Untuk berhasil mengeksekusi sebuah proses manajemen kinerja, membutuhkan komitmen dari top management untuk memastikan keseluruhan proses diimplementasikan dengan ketat di seluruh organisasi dengan top management sebagai role model dalam proses eksekusi. Dalam sebuah survei yang melibatkan 1660 business leaders, 64% mengindikasikan bahwa performance management adalah adalah faktor kedua paling penting untuk mendorong kinerja bisnis setelah engagement karyawan.
Memang suatu tantangan bagi top management dan fungsi HR untuk memastikan proses manajemen kinerja tidak dipersepsikan sebagai “paper exercise” tetapi sebagai sebuah langkah yang memberi manfaat kepada organisasi dan karyawan.

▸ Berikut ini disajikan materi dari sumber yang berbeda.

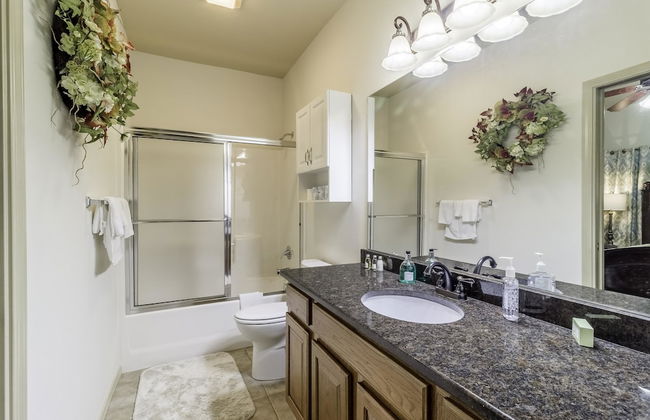 Stonebridge Condo and Golf Resort - Foto 30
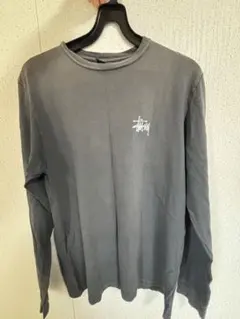 Stussy ロングTシャツ（古着）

Proses manajemen kinerja yang dieksekusikan dengan baik dapat mendukung tercapainya lingkungan kerja yang menyenangkan bagi semua karyawan.
Reward Management
Urusan gaji dan benefit merupakan isu yang paling sering diangkat oleh serikat pekerja. Meski sudah memenuhi semua normatif dari pemerintah, masih saja ada isu dan manajemen selalu menghadapi tantangan ini. Ada beberapa faktor yang menentukan berapa seharusnya kita membayar seorang pegawai. Faktor itu adalah posisi (job size), market value (berapa harga posisi tersebut di pasaran) dan faktor person (tingkat kompetensi orang tersebut dalam pekerjaannya). Sebuah sistem reward yang mengintegrasikan semua faktor ini adalah bahan untuk tercapainya keadilan dalam menghargai SDM. Sebagai bagian dari proses eksekusi, edukasi pada karyawan dan serikat pekerja untuk memastikan pengertian yang baik terhadap konsep reward adalah langkah awal penerimaan mereka.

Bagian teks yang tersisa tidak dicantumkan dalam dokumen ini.